当日の発表ではあまり緊張せずに落ち着いて話せました.これまで研究室のミーティングや外部発表を通して人前で説明する経験を重ねたおかげだと思います.質疑応答では質問の内容を聞き取れず不明確な回答をしていました.プレゼンテーション後に質問者と議論を行い質問へ適切な回答をしたり,実際のシステム運用の課題を教えていただいたりしました.

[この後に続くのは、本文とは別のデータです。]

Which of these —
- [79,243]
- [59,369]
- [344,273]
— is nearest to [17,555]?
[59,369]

他の発表者は,博士課程(PhD)の学生が多く発表に慣れていました.他の発表から話すスピードやプレゼンテーションのやり方,スライドの構成を学べました.特にスライドの中にProblem formulation(問題の定式化)やCase study(ケーススタディ)がある発表は,発表内容が理解しやすく参考になりました.
初めての対面開催と海外渡航
これまでオンラインでの国際会議で発表する経験はありました.一方で現地開催(オフライン)での国際会議で発表する経験は初めてでした.現地開催ではオンラインでの開催に比べて参加者同士が交流する機会が多く刺激的でした.例えば,コーヒーブレイクでは他の参加者と研究テーマや出身国,所属組織について話ができました.これまで英語で雑談をする経験がなく,最初のうちは躊躇していました.慣れてくるにつれ自分から話かけて他の参加者と交流できるようになりました.英語を話すスキルは不足しているため,話したい内容が端的に表現できない苦労はありました.苦労を惜しまずコミュニケーションを取ろうと思う気持ちがあれば楽しめます.
実際にドイツの修士の学生とは,研究の評価実験で現実的なデータセットを用意する難しさについて意見が一致しました.評価実験では現実に近い環境やデータセットで,自らの提案した方式と既存研究の方式を比較することが望ましいです.なぜならそれらが現実に近いほど,自らの提案した方式が実社会で役立つこと(有用性)がアピールしやすいためです.一方でこうしたデータセットは大学で用意が難しいです.例えば,Amazonに代表されるショッピングサイトを想定する場合,利用者がどんな画面を遷移してどんな商品を購入したかが重要な情報になります.ショッピングサイトの運営事業者はこうした情報を含むデータセットを容易に入手できます.一方で大学ではショッピングサイトを運営していないため,データセットの用意が難しいです.ドイツの修士の学生もネットワークセキュリティの研究に取り組みながら現実的な攻撃のデータセットを用意する難しさを感じたそうです.たとえ母国語は互いに違えど,同じ研究の悩みをもつことが改めて分かりました.ちなみにこの学生は日本のワンピースが好きで漫画を収集しているそうです.こうした英語で専門的な分野の議論は刺激的で貴重な体験でした.左の図はコーヒーブレイクの様子です.日中は暖かく過ごしやすいですが夜は肌寒く寒暖差があります.右の図は参加者でのディナー(Gala Dinner)の様子です.海辺のレストランで交流しました.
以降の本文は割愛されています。